- _What you should do_: The lines to copy run from the one containing "-麦当劳(南京水西门大街店)" through the last line of the listing; copy them exactly and nothing more.

- _Source material_:
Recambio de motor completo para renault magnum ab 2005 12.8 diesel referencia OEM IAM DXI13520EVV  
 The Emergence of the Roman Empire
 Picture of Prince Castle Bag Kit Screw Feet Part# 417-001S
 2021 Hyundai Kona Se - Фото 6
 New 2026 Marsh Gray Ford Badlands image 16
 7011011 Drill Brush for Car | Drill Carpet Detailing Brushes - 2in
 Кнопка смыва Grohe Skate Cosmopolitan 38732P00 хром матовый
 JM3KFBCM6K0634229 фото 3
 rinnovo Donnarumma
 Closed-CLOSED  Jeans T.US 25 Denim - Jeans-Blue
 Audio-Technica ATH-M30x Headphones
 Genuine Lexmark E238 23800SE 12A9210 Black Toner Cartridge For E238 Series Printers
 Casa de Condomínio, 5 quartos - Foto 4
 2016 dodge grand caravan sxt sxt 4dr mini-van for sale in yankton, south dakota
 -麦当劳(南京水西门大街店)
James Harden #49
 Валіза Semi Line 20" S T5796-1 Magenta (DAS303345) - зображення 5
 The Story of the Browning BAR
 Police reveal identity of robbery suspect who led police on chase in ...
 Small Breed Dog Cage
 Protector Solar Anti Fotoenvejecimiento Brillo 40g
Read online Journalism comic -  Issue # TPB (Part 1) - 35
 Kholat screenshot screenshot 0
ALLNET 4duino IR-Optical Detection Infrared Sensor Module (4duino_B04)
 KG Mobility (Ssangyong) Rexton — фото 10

- _Exercise solution_:
 -麦当劳(南京水西门大街店)
James Harden #49
 Валіза Semi Line 20" S T5796-1 Magenta (DAS303345) - зображення 5
 The Story of the Browning BAR
 Police reveal identity of robbery suspect who led police on chase in ...
 Small Breed Dog Cage
 Protector Solar Anti Fotoenvejecimiento Brillo 40g
Read online Journalism comic -  Issue # TPB (Part 1) - 35
 Kholat screenshot screenshot 0
ALLNET 4duino IR-Optical Detection Infrared Sensor Module (4duino_B04)
 KG Mobility (Ssangyong) Rexton — фото 10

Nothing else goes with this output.